Retracting or extending an arm with a velocity \(v_i\in\mathcal{V}\) mmeans that the arm is retracted or extended with a length \(\mathcal{\varepsilon_i}\). Since the action is taken in \(T=1s\), we have \(v_i = \varepsilon_i\).

We denote by \(\mathcal{E}=\{\varepsilon_1,\varepsilon_2, \dots ,\varepsilon_k \}\) the set of the possible arms length of retracting or extending with the velocities \(v\in\mathcal{V}\).

1.1. States

The states of the swimmer are characterized by its arms lengths. Here we note a state by a couple \((l_1, l_2)\), where \(l_1\) and \(l_2\) are the lengths of the first and the second arms respectively.

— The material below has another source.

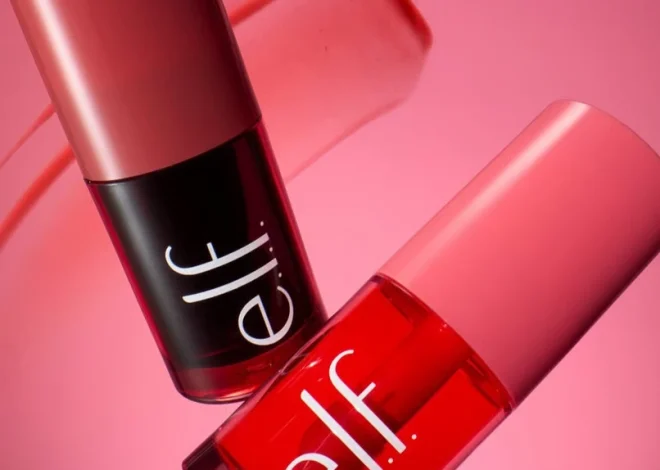 E.l.f. Beauty erweitert Einzelhandelspräsenz in den Niederlanden und Belgien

The spaces of states is given explicitly by :

\[\mathcal{S} = \bigg\{(L-\varepsilon_i, L-\varepsilon_j) \big/ \varepsilon_i, \varepsilon_j \in \mathcal{E} \cup \{ 0 \}\bigg\}.\]

It is clear that \(Card(\mathcal{S})= (k+1)^2\). Hence, there are \((k+1)^2\) possible states.

1.2. actions

The swimmer can retract or extend its arms with different velocities (lengths), so we refer to an action by a vector \((a, m, v)\), where :

  • a : refers to the action to perform (either retract or extend)

  • m : refers to which arm the swimmer retracts or extends, here \(m\in\{1,2\}\)

  • v : the velocity of retracting or extending

The space of actions is given as follow :

\[\mathcal{A} = \bigg\{ (a,m,v) \big/ a \in\{retract, extend\}, \; m\in \{1,2\},\; v\in \mathcal{V}\bigg\}.\]

As an example, the action "retract second arm with velocity equal to 4 can be expressed with the notation above as (retract, 2, 4).

Since \(Card(\mathcal{A})= 4k\), there are in total \(4k\) actions the swimmer can take.

For a given state, not all the \(4k\) actions can be performed. The possible actions for this state are those for which the new state of the swimmer belongs to \(\mathcal{S}\).

We denote the set of possible actions for a given state \(s\in\mathcal{S}\), by :

\[\mathcal{A_s} = \bigg\{ (a,m,v) \big/ (a,m,v)\in\mathcal{A}\; and\; s_{new}\in\mathcal{S}\bigg\}.\]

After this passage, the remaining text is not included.